§ Your task: The output should be exactly the lines from the one containing "Black/Alloy Interior Door" through the last line of the records, and only those.

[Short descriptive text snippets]

□ □ □ □

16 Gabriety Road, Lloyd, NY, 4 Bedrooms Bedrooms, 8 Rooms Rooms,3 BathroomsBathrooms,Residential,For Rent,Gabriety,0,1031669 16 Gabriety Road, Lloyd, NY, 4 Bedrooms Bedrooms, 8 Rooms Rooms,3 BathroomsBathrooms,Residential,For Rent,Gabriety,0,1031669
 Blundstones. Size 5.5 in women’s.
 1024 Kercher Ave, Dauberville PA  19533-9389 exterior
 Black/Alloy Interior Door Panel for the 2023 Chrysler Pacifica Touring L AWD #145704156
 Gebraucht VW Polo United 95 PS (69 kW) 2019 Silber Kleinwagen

□ □ □ □

§ Finished task:
 Black/Alloy Interior Door Panel for the 2023 Chrysler Pacifica Touring L AWD #145704156
 Gebraucht VW Polo United 95 PS (69 kW) 2019 Silber Kleinwagen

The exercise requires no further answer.